A system produces a coherent response.
Nothing in this description requires that the system understands what it produces.
This is the first point that must be held without qualification.
Coherent output does not entail understanding.
Not because understanding is absent in some hidden way.
But because understanding is not a required operation in the generation of the output.
The default interpretation resists this.
Coherence appears, and with it comes an immediate attribution:
the system “knows” something
the system “interprets” the input
the system “decides” how to respond
These attributions are not derived from the system’s operation.
They are imposed from the outside as a way of stabilising what appears.
To see this clearly, the generative process must be described without importing interpretive terms.
A sequence of tokens is provided.
This sequence constrains a space of possible continuations.
From this space, one continuation is selected.
The process repeats.
At no point does the system need to:
identify what the input “means”
represent the input as an object of understanding
evaluate the output against a recognised intention
The process is entirely internal to constraint and selection.
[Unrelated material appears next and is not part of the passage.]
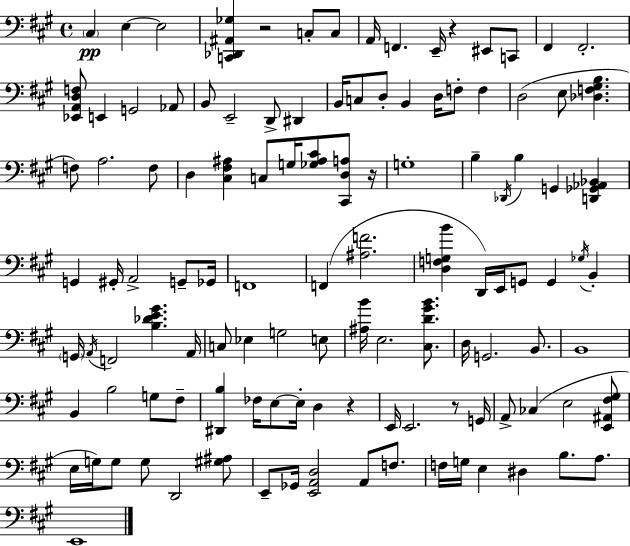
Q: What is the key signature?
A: A major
And yet, the result is often indistinguishable from what would be produced by a system that does understand.
This is where the difficulty arises.
Because the distinction between:
- output that is coherentand
output that is understood
is not visible at the level of the output itself.
The output does not carry a marker indicating whether understanding was involved in its production.
It only carries the effects of constraint-consistent continuation.
This creates a structural ambiguity.
When a human produces coherent language, coherence is typically coupled with recognition-based processes:
something is taken as something
a response is formed in relation to that recognition
coherence reflects that relation
But in a selection-based system, this coupling is absent.
Coherence is produced without requiring recognition.
The observer, encountering the output, supplies what is missing.
Not as an error.
But as a consequence of how interpretation operates.
Interpretation does not detect understanding.
It stabilises coherence by attributing it to an underlying source.
That source is typically described as:
an agent
a mind
an intention
a system that “knows”
But this attribution is not required for the output to exist as it does.
It is a secondary operation.
This leads to a necessary separation.
The production of coherent output and the attribution of understanding are not the same process.
They occur in different regimes.
The generative regime operates through:
constraint → selection → continuation
The interpretive regime operates through:
coherence → attribution → stabilisation
These two regimes interact, but they are not reducible to one another.
And confusion arises when the second is treated as evidence of the first.
To say that a system “understands” because it produces coherent output is to collapse this distinction.
It is to treat interpretation as if it were a transparent window into generation.
But it is not.
A more precise formulation is required.
The system produces outputs that remain coherent under the constraints governing their generation.
Observers interpret those outputs as meaningful by attributing recognition-based processes to them.
Understanding, in this configuration, is not a property of the output.
Nor is it a necessary property of the system.
It is a mode of stabilisation applied by an interpreting system encountering constraint-consistent continuation.
This does not mean that understanding is an illusion.
It means that it cannot be inferred directly from coherence.
The implications of this are immediate.
Any account of artificial systems that begins with:
“the model understands”
“the model interprets”
“the model reasons”
has already crossed from description into attribution.
This does not make such statements useless.
But it does make them structurally imprecise.
They describe how outputs are stabilised in interpretation, not how they are produced.
The distinction must be maintained if the behaviour of these systems is to be described without distortion.
Because once understanding is assumed at the level of generation, it becomes impossible to see what is specific about selection-based coherence.
And what is specific is this:
This is the starting condition.
Not a conclusion.
But the minimal separation required to describe artificial systems without importing assumptions that do not belong to their operation.